So, as I was saying the other day. Feelings! And how in just a matter of one day, all of the feelings I had, that were buried deep down inside of me, came rising to the surface in one day, in a matter of minutes, when Kira dropped her kids off at my house to go to the gym and teach her class (that used to be mine).


So I left off with the song from Mercy River, and for reference, here are the lyrics again.


My hands hold safely to my dreams

Clutching tightly not one has fallen

So many years I’ve shaped each one

Reflecting my heart showing who I am

Now you’re asking me to show

What I’m holding oh so tightly

Can’t open my hands can’t let go

Does it matter?

Should I show you?

Can’t you let me go?

Surrender, surrender you whisper gently

You say I will be free

I know but can’t you see?

My dreams are me.

My dreams are me

You say you have a plan for me

And that you want the best for my life

Told me the world had yet to see

What you can do with one

That’s committed to Your calling

I know of course what I should do

That I can’t hold these dreams forever

If I give them now to You Will You take them away forever?

Or can I dream again?


And when that song came to my mind I immediately put it on and listened to it. And guess what? It made me cry! More! I couldn't have said it better myself!

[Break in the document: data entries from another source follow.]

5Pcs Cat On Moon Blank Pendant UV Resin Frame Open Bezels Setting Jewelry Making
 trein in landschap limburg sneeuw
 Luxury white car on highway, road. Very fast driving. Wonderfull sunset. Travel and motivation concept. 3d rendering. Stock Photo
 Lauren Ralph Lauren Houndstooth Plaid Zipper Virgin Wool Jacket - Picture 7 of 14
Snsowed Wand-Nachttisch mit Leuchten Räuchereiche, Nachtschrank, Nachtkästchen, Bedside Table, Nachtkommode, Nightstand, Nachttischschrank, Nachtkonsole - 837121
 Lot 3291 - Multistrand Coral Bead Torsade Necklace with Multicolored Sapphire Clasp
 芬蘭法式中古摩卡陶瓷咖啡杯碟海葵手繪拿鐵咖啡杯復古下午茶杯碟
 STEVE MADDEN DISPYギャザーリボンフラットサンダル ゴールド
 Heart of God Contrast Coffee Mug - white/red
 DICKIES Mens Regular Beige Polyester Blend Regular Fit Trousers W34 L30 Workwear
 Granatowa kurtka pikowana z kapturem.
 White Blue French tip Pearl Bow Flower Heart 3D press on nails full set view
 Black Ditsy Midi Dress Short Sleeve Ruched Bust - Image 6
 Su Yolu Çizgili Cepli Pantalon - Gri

My hands are held safely to my dreams! And in my hands they are safe. Nobody can crush them, or ruin them, or tell me they're bad. If I keep them safely in my hands they can never fail!


And for years I've felt the nudge to somehow show my dreams, to do something with them. But now knowing how, and also being scared, in my heart they have stayed.


So now, here is what God is saying to me, Surrender!


And terrified that I have given up my friends and something that I love so very much I reply with, "I know! But can't you see? My dreams are me! And what if I give them to you and you crush them?"


And God says, "I have a plan for you. I want the very best for you life! The world has yet to see what I can do with you when you're committed to the calling I've sent you to do."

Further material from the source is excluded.